The other day I was adding some files to my site to enable the magic of this, when I noticed something peculiar. There’s a directory there that I know I didn’t create. I look closer and it’s full of strange files that look like keyword spam.
I checked out my blogs and didn’t see anything unusual appearing, but went ahead upgrading them to the latest version of WordPress. I also warned Dave, whose blog is on my account, that trouble may be afoot. Sure enough, he finds a rogue directory as well.

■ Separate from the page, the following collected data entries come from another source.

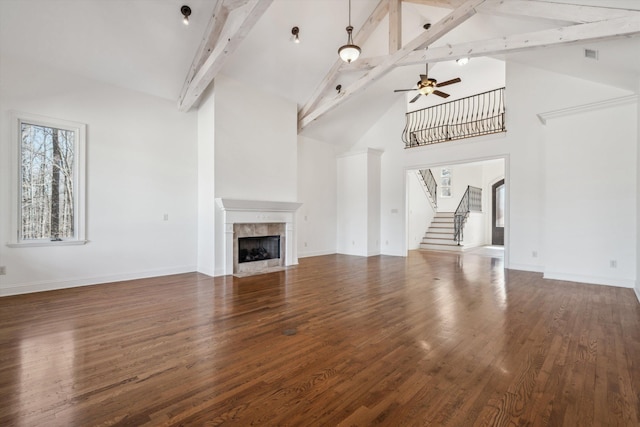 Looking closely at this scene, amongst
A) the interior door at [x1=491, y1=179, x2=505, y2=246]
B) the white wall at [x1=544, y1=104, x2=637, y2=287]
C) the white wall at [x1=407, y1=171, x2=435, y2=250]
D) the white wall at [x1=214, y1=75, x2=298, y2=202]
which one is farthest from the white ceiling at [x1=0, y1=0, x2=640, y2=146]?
the interior door at [x1=491, y1=179, x2=505, y2=246]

Looking further, I find them also in the directory for Lego Diem and Dateline: Silver Age.
In doing a little research, I discovered my blog was famous!
All the WordPress installations are now updated to the latest, and the directories are taken care of. I’m not sure what exactly the exploit is, but they hit each of my sites with a recent version of WordPress (even, disturbingly, Lego Diem, which was already upgraded to the latest version). They didn’t hit any non-WordPress sites, and they also didn’t hit two domains of mine that have woefully out-of-date WordPress versions.
It doesn’t look like a major hack, and it wasn’t tough to get rid of. Just annoying. (And if you recall, this isn’t my first time experiencing this foolishness.)
Looks like everything’s fine now, but if you have a WordPress blog, you might want to poke around to see if you have similar directories on your site. They directories all had names with two words separated by a hyphen: zachery_died and flower_leela were two of them.